WORK TO COMPLETE: Where does "Brown" appear in the data? Return each line that holds it.

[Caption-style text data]
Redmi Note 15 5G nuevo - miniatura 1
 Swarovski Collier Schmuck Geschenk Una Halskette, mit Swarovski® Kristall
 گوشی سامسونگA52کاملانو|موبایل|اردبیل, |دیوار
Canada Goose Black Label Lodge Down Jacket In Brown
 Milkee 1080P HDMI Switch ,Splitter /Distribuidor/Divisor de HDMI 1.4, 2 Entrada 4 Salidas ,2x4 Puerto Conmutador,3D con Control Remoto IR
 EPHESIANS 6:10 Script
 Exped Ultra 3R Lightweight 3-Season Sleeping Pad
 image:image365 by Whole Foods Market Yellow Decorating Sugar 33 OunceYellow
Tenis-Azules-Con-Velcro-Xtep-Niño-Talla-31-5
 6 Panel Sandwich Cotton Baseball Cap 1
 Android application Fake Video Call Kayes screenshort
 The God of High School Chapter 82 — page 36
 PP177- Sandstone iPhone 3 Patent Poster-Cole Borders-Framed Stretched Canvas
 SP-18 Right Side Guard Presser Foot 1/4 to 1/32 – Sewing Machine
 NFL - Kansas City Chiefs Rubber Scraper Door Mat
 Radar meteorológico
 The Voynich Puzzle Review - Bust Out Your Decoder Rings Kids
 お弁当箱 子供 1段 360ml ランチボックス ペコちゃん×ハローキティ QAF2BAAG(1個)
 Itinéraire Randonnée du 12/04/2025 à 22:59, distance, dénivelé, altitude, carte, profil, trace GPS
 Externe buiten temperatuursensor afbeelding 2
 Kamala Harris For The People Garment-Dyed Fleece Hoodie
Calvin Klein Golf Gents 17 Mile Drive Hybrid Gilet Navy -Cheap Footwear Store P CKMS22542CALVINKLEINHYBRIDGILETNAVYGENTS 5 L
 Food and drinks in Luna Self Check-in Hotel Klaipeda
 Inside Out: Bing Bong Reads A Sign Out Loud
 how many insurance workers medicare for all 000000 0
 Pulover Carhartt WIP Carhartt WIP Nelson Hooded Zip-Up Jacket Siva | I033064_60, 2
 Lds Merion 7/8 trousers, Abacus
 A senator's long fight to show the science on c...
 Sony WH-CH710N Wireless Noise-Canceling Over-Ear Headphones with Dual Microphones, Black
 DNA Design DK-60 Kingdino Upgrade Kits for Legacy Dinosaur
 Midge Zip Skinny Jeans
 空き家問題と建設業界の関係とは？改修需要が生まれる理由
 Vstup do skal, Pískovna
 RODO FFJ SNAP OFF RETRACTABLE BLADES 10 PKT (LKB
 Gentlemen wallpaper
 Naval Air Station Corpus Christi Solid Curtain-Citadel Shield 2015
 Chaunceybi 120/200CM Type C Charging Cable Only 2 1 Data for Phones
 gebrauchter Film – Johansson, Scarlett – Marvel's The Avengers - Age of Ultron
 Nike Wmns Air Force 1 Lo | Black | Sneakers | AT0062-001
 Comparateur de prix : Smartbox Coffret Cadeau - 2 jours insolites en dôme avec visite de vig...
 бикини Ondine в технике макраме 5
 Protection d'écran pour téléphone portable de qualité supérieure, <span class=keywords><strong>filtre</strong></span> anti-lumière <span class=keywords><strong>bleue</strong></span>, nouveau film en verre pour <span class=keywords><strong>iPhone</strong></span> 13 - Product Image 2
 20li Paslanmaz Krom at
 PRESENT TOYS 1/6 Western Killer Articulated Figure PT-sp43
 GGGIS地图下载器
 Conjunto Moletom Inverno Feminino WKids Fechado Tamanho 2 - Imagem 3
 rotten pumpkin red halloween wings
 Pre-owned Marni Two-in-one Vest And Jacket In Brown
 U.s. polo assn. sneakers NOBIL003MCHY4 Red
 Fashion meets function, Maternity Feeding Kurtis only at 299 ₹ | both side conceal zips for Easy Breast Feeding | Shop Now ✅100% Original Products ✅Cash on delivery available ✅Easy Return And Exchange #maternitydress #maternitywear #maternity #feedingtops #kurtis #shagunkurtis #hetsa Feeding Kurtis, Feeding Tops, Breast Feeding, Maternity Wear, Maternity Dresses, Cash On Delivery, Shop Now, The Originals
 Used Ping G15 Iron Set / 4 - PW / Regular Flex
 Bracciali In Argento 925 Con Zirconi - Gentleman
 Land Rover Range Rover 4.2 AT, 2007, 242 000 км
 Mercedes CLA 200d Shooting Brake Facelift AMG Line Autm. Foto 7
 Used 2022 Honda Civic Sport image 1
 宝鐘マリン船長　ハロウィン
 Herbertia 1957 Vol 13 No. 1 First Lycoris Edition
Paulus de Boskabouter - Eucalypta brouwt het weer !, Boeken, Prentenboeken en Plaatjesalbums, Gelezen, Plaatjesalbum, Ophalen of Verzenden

SOLUTION TO THE EXERCISE:
Canada Goose Black Label Lodge Down Jacket In Brown
 Pre-owned Marni Two-in-one Vest And Jacket In Brown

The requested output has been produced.